Anton menjelaskan Indonesia tak hanya butuh sekedar pemimpin tetapi keteladanan dalam pemimpin itu sendiri. Ia mencontohkan Bung Hatta yang memberangkatkan istrinya naik haji dengan biaya pribadi. "Orang seperti itu yang susah dicari," ujarnya.

Tetapi memilih figur teladan juga harus dilakukan dengan hati-hati. Anggota Fraksi PKS DPR RI Suryama M Sastra mengatakan promosi keteladanan harus terhadap orang yang sudah almarhum. "Kemungkinan orang yang masih hidup untuk berbelok di tingkungan akhir masih sangat mungkin terjadi," ujarnya.

Masih ingat dengan mantan auditor Badan Pemeriksa Keuangan (BPK) Khairiansyah Salman. Sosok anti KKN yang sempat disematkan integrity award oleh TI ini karena

menolak disuap oleh anggota KPU Mulyana W Kusumah, akhirnya terpaksa mengembalikan penghargaan tersebut. Pasalnya, nama Khairiansyah terseret kasus korupsi Dana Abadi Umat (DAU).
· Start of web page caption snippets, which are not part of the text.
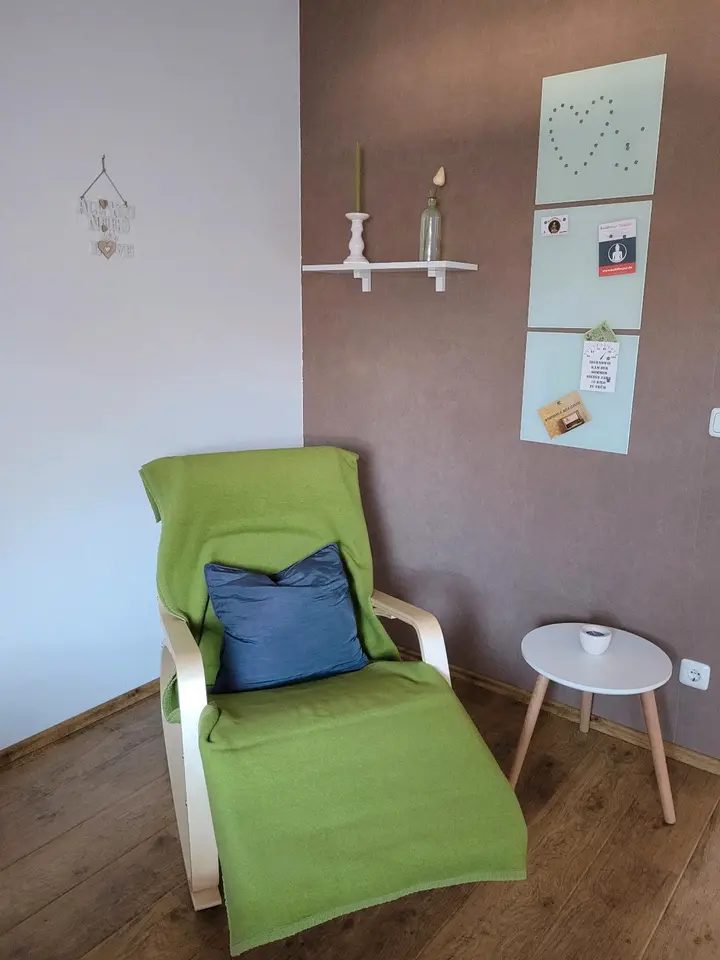 Studio mit 24 m² in Hennef – Bild 1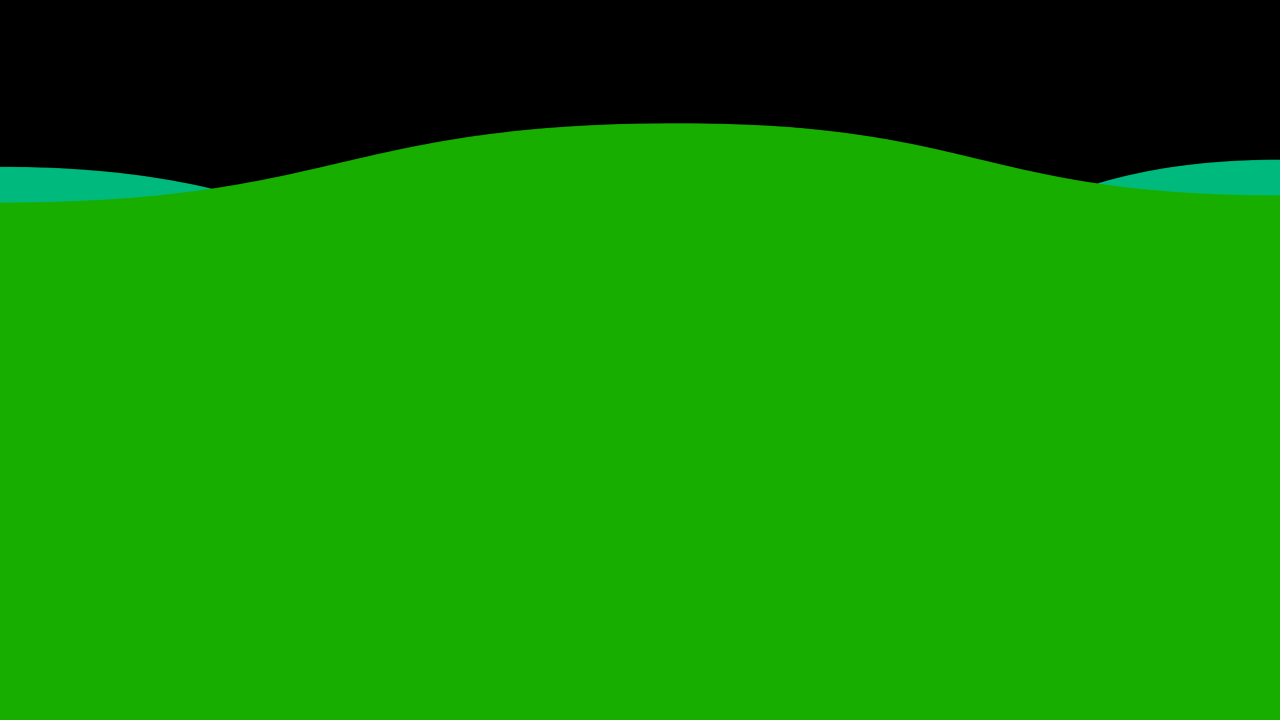 A hill.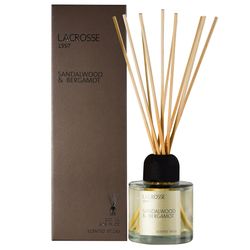 Диффузор ароматический Lacrosse, Sandalwood&Bergamot, 200 мл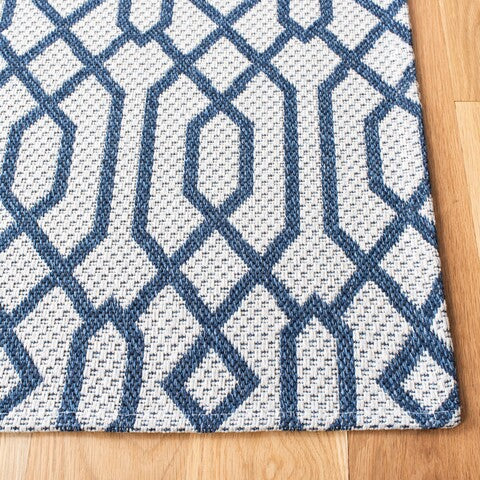 safavieh clearance martha stewart msr421m blue rug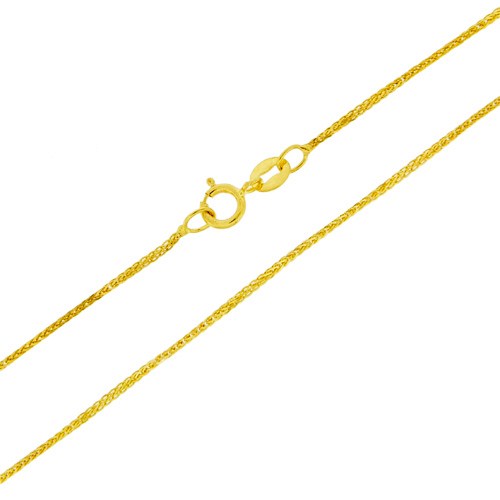 Χρυσή αλυσίδα Κ9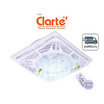 Clarte พัดลมเพดาน 14 นิ้ว รุ่น CT14VF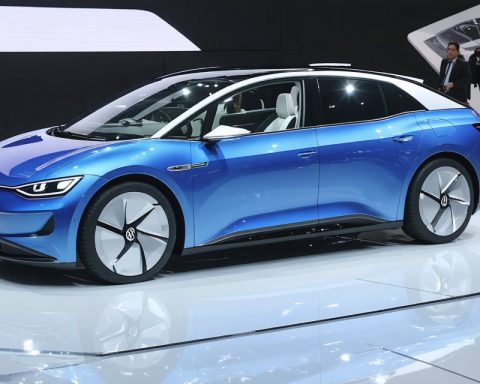 Volkswagen’s ID. Every1 Unveiled: The Electric Revolution for the Masses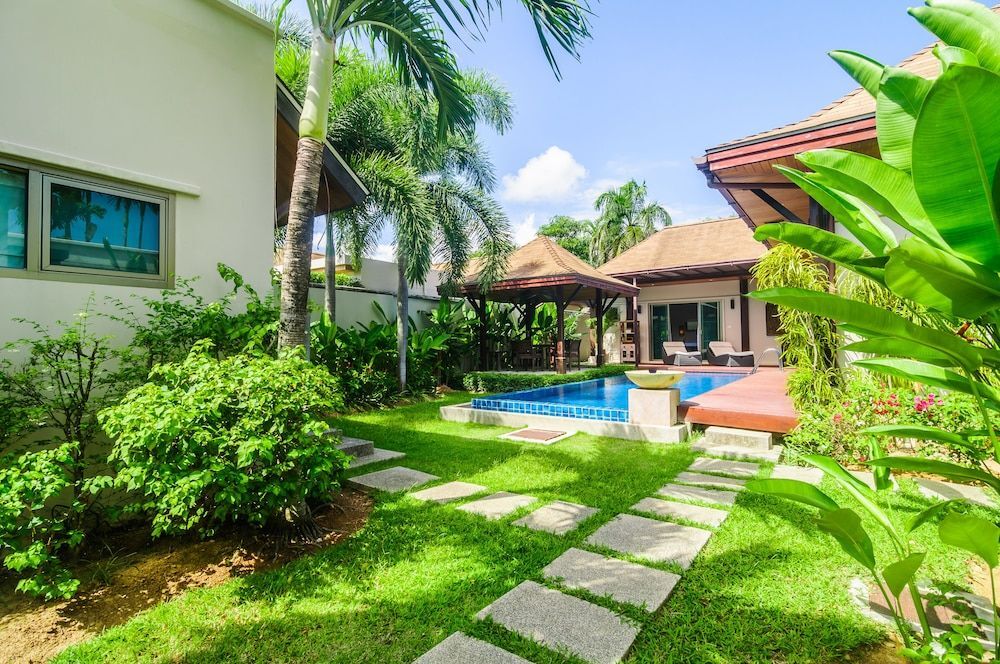 Муанг: Villa Alor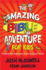 The Amazing Bible Adventure for Kids: Finding the Awesome Truth in God's Word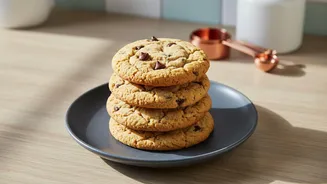 Baking Becomes More Consistent with Standard Cups and Spoons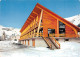 73 Saint-Sorlin-d'Arves Le Chalet L'Ornon Centre Sportif Et Culturel (Scan R/V) N° 50 \MS9046 - Saint Jean De Maurienne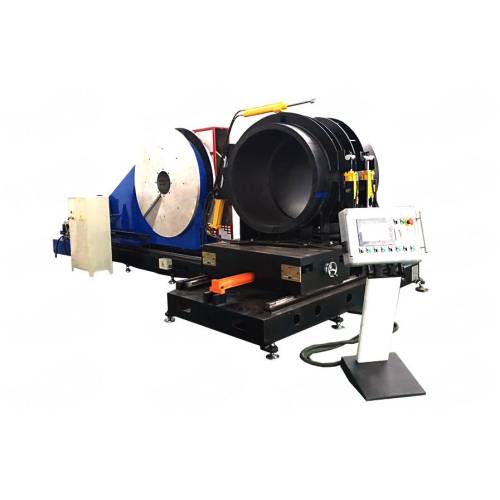 Сварочное оборудование для фитингов из термопласта HDPE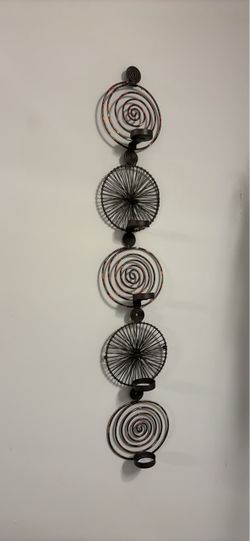 Candle Holder
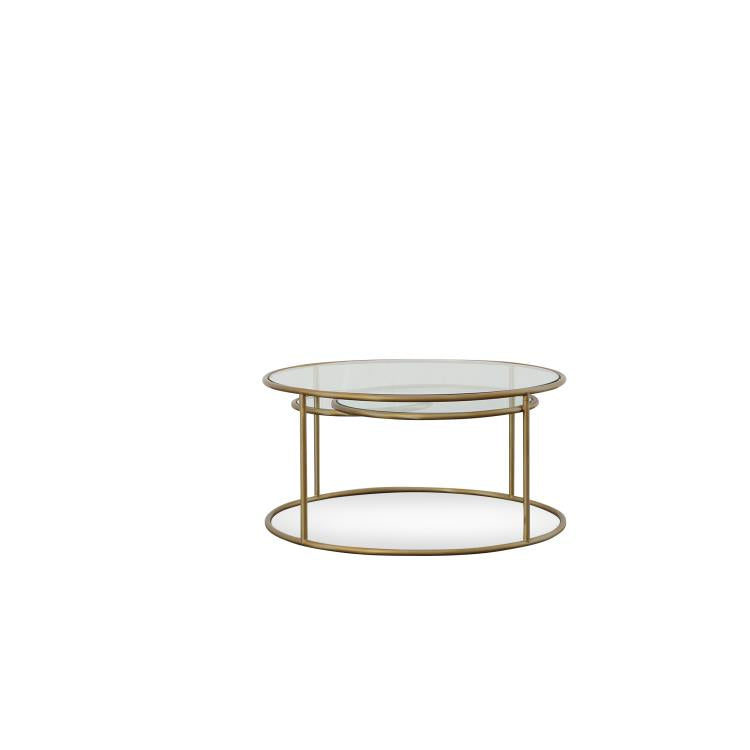 Cassie Coffee Table – Cocktail Tables by Century Furniture | Sutter & Vale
Berpengaruh pada investasi

Walaupun survey ini hanya semacam persepsi, Menurut Ketua APINDO Sofjan Wanandi akan berpengaruh terhadap investasi. "Pengaruhnya sangat besar," ujarnya. Ia menjelaskan investor dari Negara lain sangat takut dengan suap menyuap, namun di Indonesia investor tersebut "harus" melakukan hal tersebut.

"Pengalaman kita sehari-hari, kenyataan ini (suap menyuap, red) betul kita alami," jelas Sofjan. Apalagi, lanjutnya, dengan system otonomi daerah yang menimbulkan raja-raja kecil. Ia mengungkapkan bila pada zaman orde baru hanya perlu mendekati Soeharto saja, kini harus mendekati pemerintah, DPR, Pemda. "Itu yang harus kita layani," ujarnya.